◆ **Description of the task**:
The output must be exactly the lines from the "Segno di villaggio, Tewin, Hertfordshire" line through the end of the listing below, with no picture included.

◆ **Information shown**:

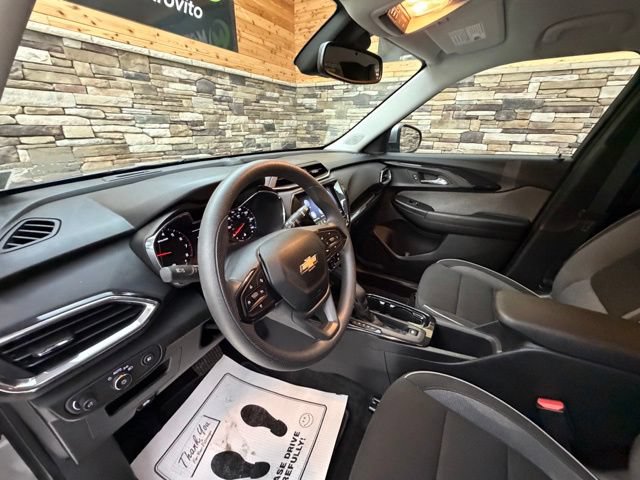 Used 2023 Chevrolet TrailBlazer LT w/ Convenience Package AWD/4WD image 12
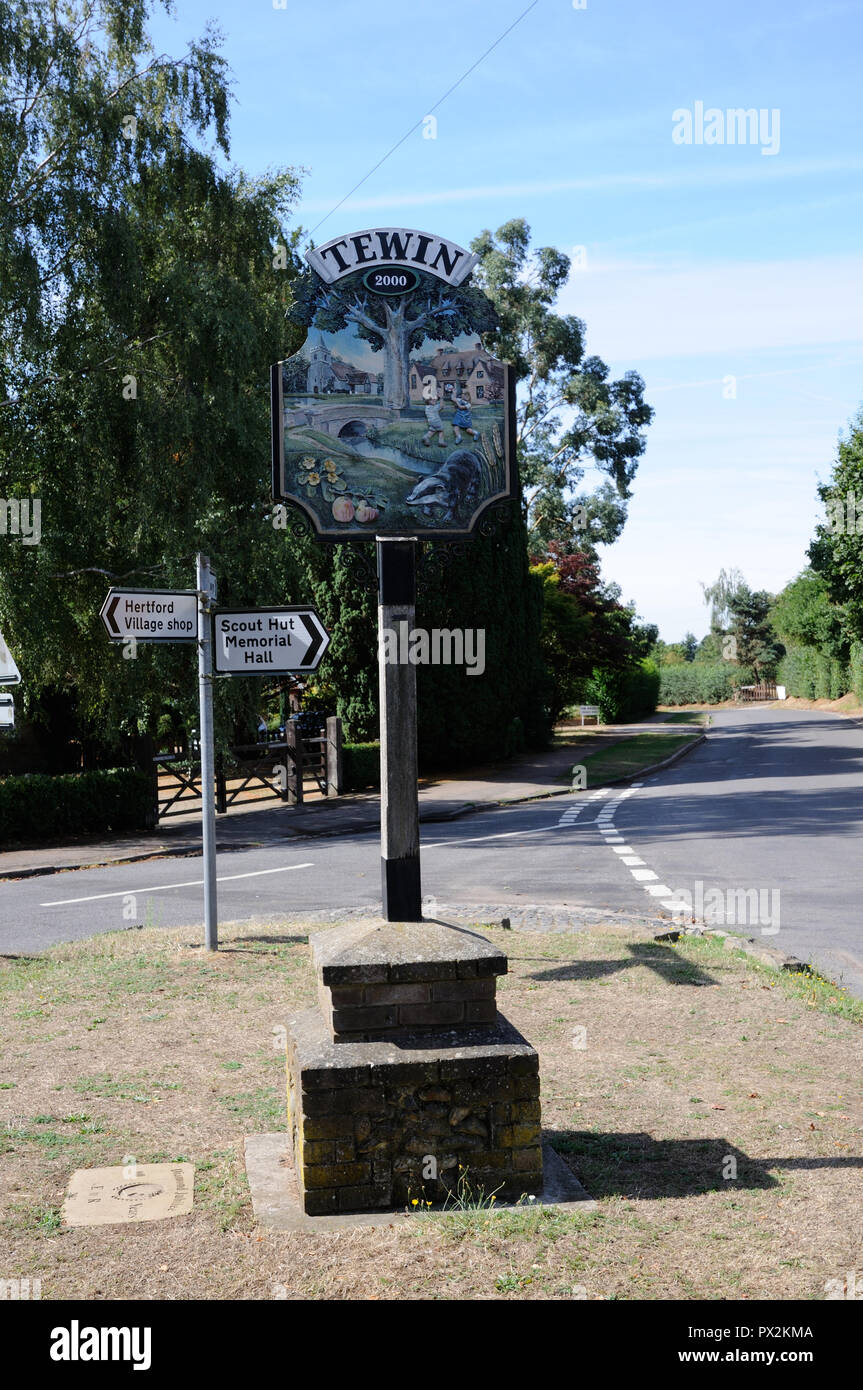 Segno di villaggio, Tewin, Hertfordshire Foto Stock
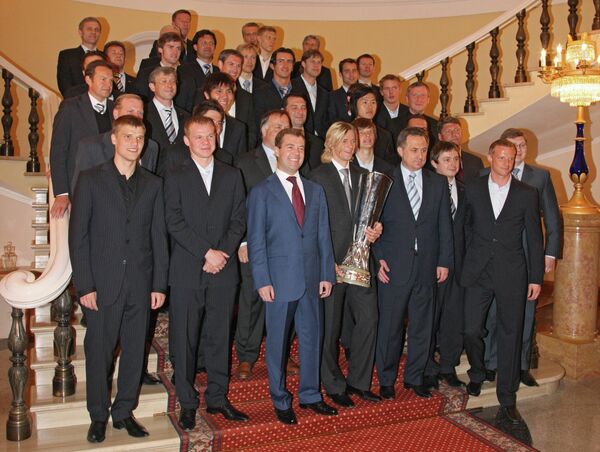 Президент РФ Дмитрий Медведев (третий слева на первом плане) во время встречи в Кремле с игроками и руководителями футбольного клуба Зенит - победителями Кубка УЕФА, архив, 16 мая 2008 г.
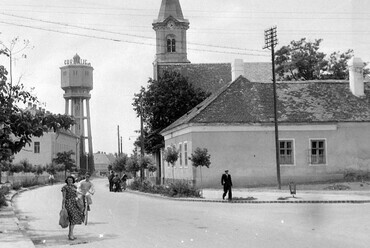 Fő utca, Víztorony, 1948. Forrás: Fortepan / Gyöngyi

◆ **Response to this exercise**:
 Segno di villaggio, Tewin, Hertfordshire Foto Stock
 Президент РФ Дмитрий Медведев (третий слева на первом плане) во время встречи в Кремле с игроками и руководителями футбольного клуба Зенит - победителями Кубка УЕФА, архив, 16 мая 2008 г.
 Fő utca, Víztorony, 1948. Forrás: Fortepan / Gyöngyi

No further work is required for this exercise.